有斐閣 鈴木 道典
本を読むところ、それはやはり通勤電車の中が一番多い。二番目は、朝、布団の中で グズグズしながら。三番目が風呂に浸かってか(これには本を濡らさないための多少の テクニック(?)がいる)。ちゃんと机に向かって本を読むことはとんと少なくなった。 読む本もこの頃は軽い内容の文庫本が中心だ。こんな怠惰な読書スタイルだが、だから こそ軽くて小さくて、でも読みやすい、しかも廉価の電子書籍ビューアを手に入れたい と思う。電車の中では、片手でページがめくれるというはかなりの使い勝手のよさだろう。
しかし、やはりコンテンツだ。
小生のような怠惰な読書人だけでなく、世の中には通勤時間を知識の習得やスキル・ アップのための読書に有効利用したいと思う人も多い(だろう)。これらの読者に有用 な専門的情報を提供する電子書籍コンテンツは、まだまだ少ないのが現状だ。先日の JEPAの総会で理事の坂本さん(農文協)が「従来の紙を電子に置き換えただけで ない、これまでと質の違う電子出版が必要だ」旨の発言をされていた。然り。現在の 電子出版は小説や漫画などのいわゆる“読む本”が主流。娯楽の対象が主で、紙を電子 媒体に置き換えたことによる利便性があればこれはこれで十分なのかもしれない。 “質の違い”の追求は、それほど必要ではないに違いない。

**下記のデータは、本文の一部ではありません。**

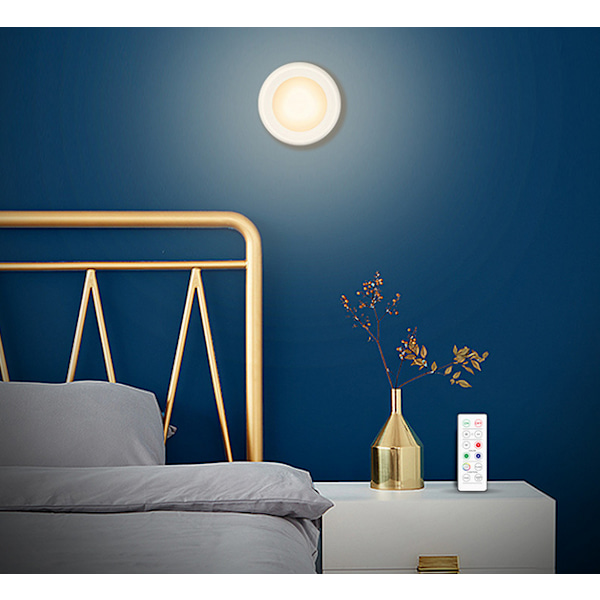 LED-spotlightar 6 st med 2 fjärrkontroller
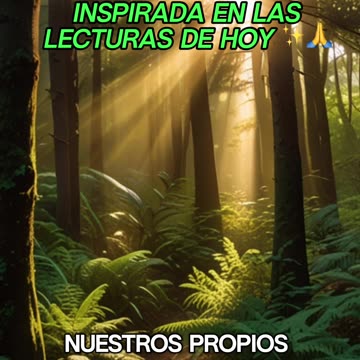 🙏✨Oración Inspirada en las Lecturas de Hoy ✨🙏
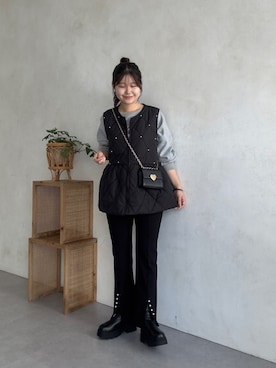 「アイテム（スウェット）」を使った、MIOさん（レディース・158cm・20代）の夏コーディネート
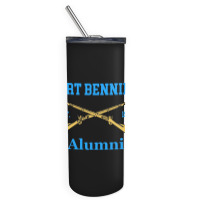 Fort Benning Alumni Est 1918 Grunt College Skinny Tumbler | Artistshot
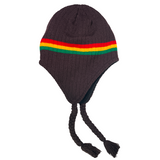 Rasta Chullo Hat Beanie Earflaps Jamaica Reggae Dreadlock Ski Cap Artisan Style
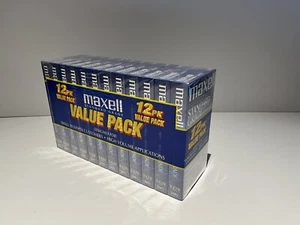 Maxell T-120 Standard Grade Blank VHS Video Tapes, 12, Value Pack, Brand New - Bild 1 von 4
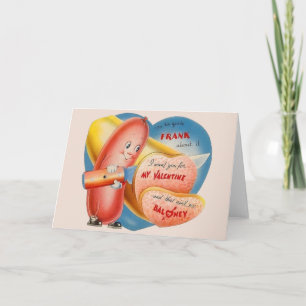 Vintage Baloney Valentine's Day Greeting Card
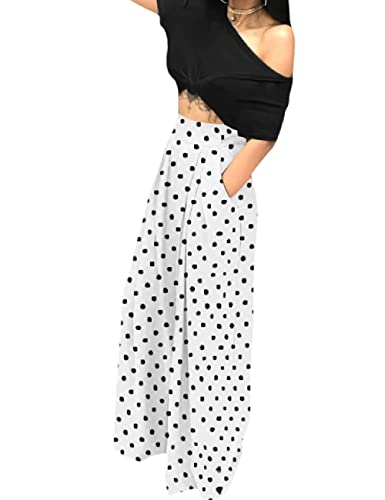 A ADILACA Wide Leg Pants for Women, Palazzo Pants for Women, Wome...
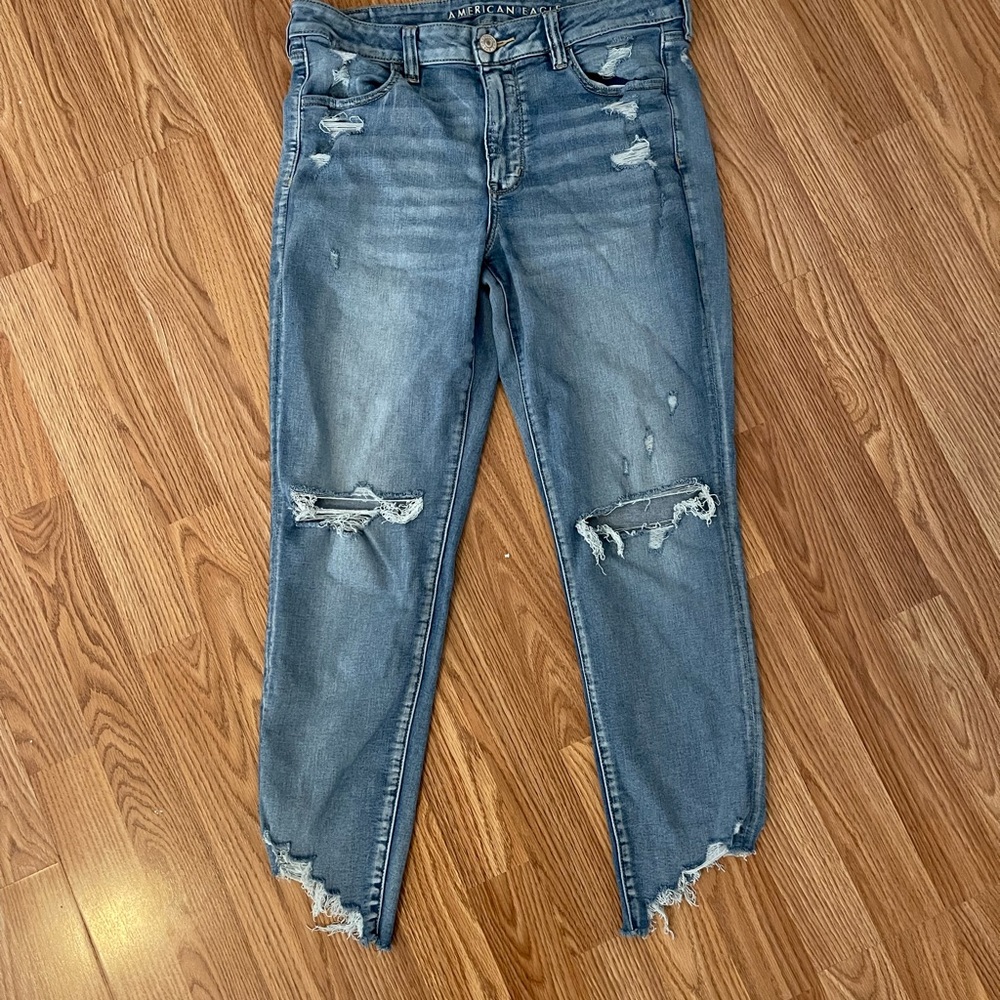 American Eagle cropped hi-rise jeggings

“質の違う”電子出版は、 “調べる本”“学ぶ本”でこそ実現しやすいし、追求すべきであろう。
小生の勤務する有斐閣は、大学のテキストを中心とした社会科学人文科学分野の専門 書の出版社である。“調べる本”“学ぶ本”(いわゆる学参物とは異なるが)がその 出版活動の中心で、“質の違う”電子出版がしやすい。というより、それをしなくては ならない出版社だ。大学の教育現場では電子化された専門的情報が、質的に利便性の 高い電子出版物として求められ始めている。環境さえ整えば、きっと通勤電車の中でで もそれらは求められるはずだ。

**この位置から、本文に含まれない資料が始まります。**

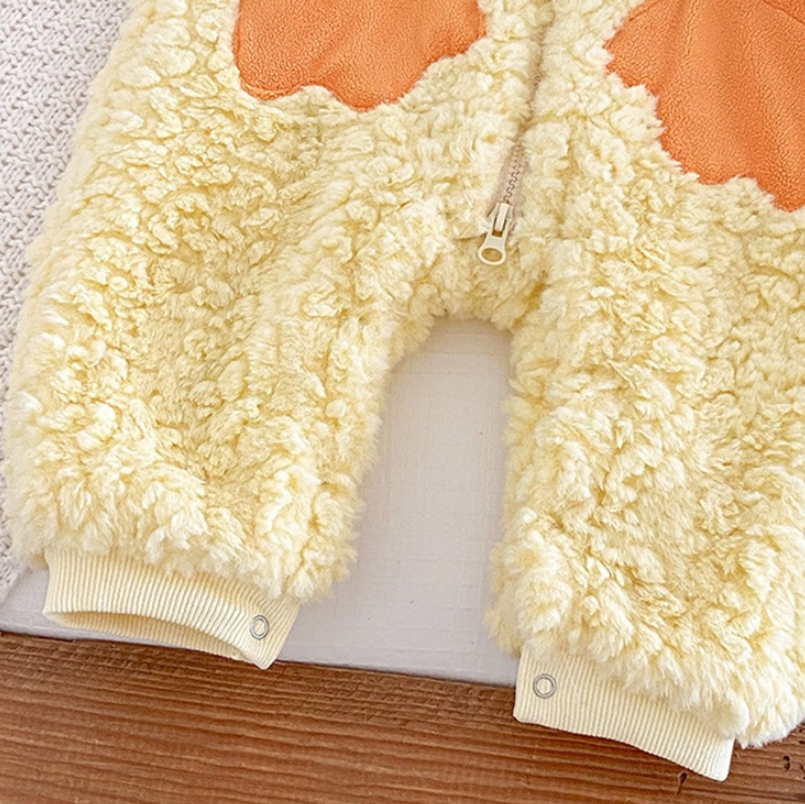 Cheeky Chick Warm Fleece Jumpsuit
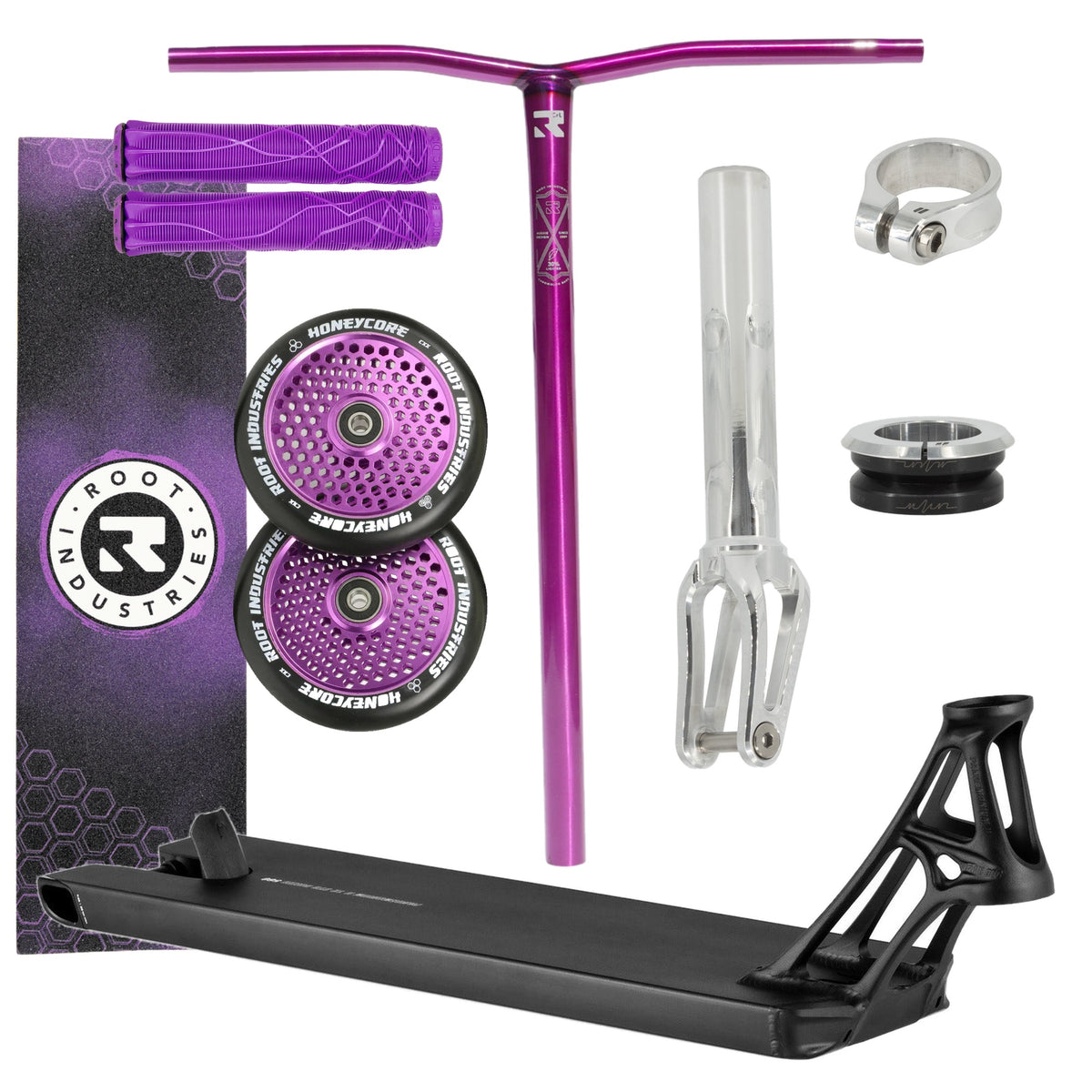 Ethic Pandemonium Custom Scooter – Burnt Purple (Unfair)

社では、これに応えるための大掛かりな取り組みが動き始めている。「『知』の循環 システム」と称した書籍制作工程のIT化がそれで、制作した書籍・雑誌そのものを コンテンツ・データベースと位置付け、この制作課程で生成する様々な情報を「共通 情報データベース」に統合・整理し、次なる書籍・雑誌の企画・制作の際の「編集支援 システム」として利用する仕組みの開発である。社会科学専門書とりわけ法律書におい ては、社会の変化や制度の変更・改革に合わせた書籍の改訂が頻繁であり、その効率化 も背景にある。そして、このシステムで制作する書籍・雑誌のコンテンツをワンソース ・マルチユース展開しようというのが構想であり、それを支える技術にXMLを採用 した。この仕組みによって制作されたコンテンツは、当面、ほとんどは紙媒体に乗せて 提供する従来型の書籍として流通する。しかし、これは情報の多様な出口(=マルチ ユース)の一つに過ぎない。ひとたび電子書籍などに姿を変えれば、「共通情報データ ベース」の様々な情報が利用可能であり、かつ、書籍それぞれが必要に応じて相互に 関連付けられたきわめて利便性の高い情報として読者に提供できるものとなる。また、 必要な部分だけ入手したいという読者のニーズに応えた粒度の小さい情報の提供も可能 になる。“質の違う”電子出版を行うための書籍制作システムの変革が、今、動き始め た。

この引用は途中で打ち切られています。